Swiss chocolate giant Lindt & Spruengli said it will move some of its production out of the US to Europe to avoid retaliatory tariffs from Canada, one of its largest markets.
President Trump’s stiff 25% tariffs on Canada and Mexico, and a 20% levy on China, took effect Tuesday at midnight.
Canadian Prime Minister Justin Trudeau on Monday said he would retaliate with 25% tariffs against $155 billion in American goods also at midnight, with plans to keep them in place until the US reverses its trade policy.
Major companies, including Honda and Volkswagen, have reportedly discussed plans to boost their US manufacturing to avoid President Trump’s tariffs.
Lindt is one of the first to announce a production shift away from the US to avoid retaliatory tariffs from Canada – sending its shares up 7%.
Lindt already produces 95% of the chocolate it sells in the United States at five facilities in the country.
Those US-based factories also supply Lindt products to Canada – so the sweets and treats could be hit by Trudeau’s import tariffs.
In a statement, Lindt told The Post it has been taking action to protect its Canadian business from getting hampered by the tariffs.
“These include the possibility of supplying countries like Canada and Mexico from our European production facilities,” a Lindt spokesperson told The Post.
Currently, half of Lindt’s Canadian supply comes from the US. The other half is produced in Europe.
“The volumes that we source currently for Canada can all be shifted to Europe,” CEO Adalbert Lechner said after Lindt reported its full-year earnings on Tuesday.

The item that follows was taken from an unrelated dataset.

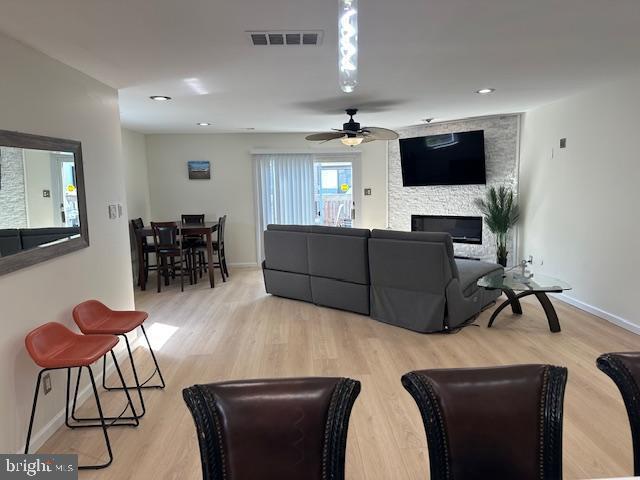 living area featuring a fireplace, wood finished floors, a ceiling fan, visible vents, and baseboards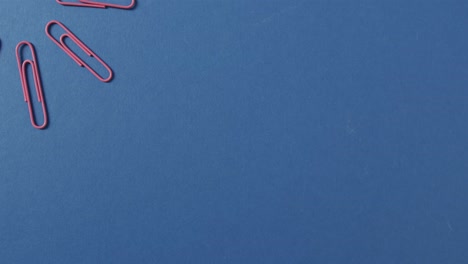 Overhead-view-of-pink-paper-clips-arranged-with-copy-space-on-blue-background,-in-slow-motion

“We are able to source 100% from Europe,” he told Reuters.
However, the company said it does not expect an impact on its US production since it has plans to grow in the US market, as well, a Lindt spokesperson told The Post.
Lindt has been rushing to send its US-manufactured treats over the border and stockpiling inventories in Canada so it can have a buffer period to fix its supply chain, which it expects to complete by the middle of the year.
Martin Hug, the company’s chief financial officer, said it would be slightly more expensive to transport its chocolate products to Canada from Europe than it was to send them from the US.
But it will still cost less than it would to fork over extra costs under Canada’s import tariffs, he added.
“Cost wise, we only expect marginal impacts,” a spokesperson told The Post.
Hug said the shift to European manufacturing could also help the Lindt brand avoid consumer backlash in Canada, since shoppers may shy away from made-in-the-US goods as tensions mount.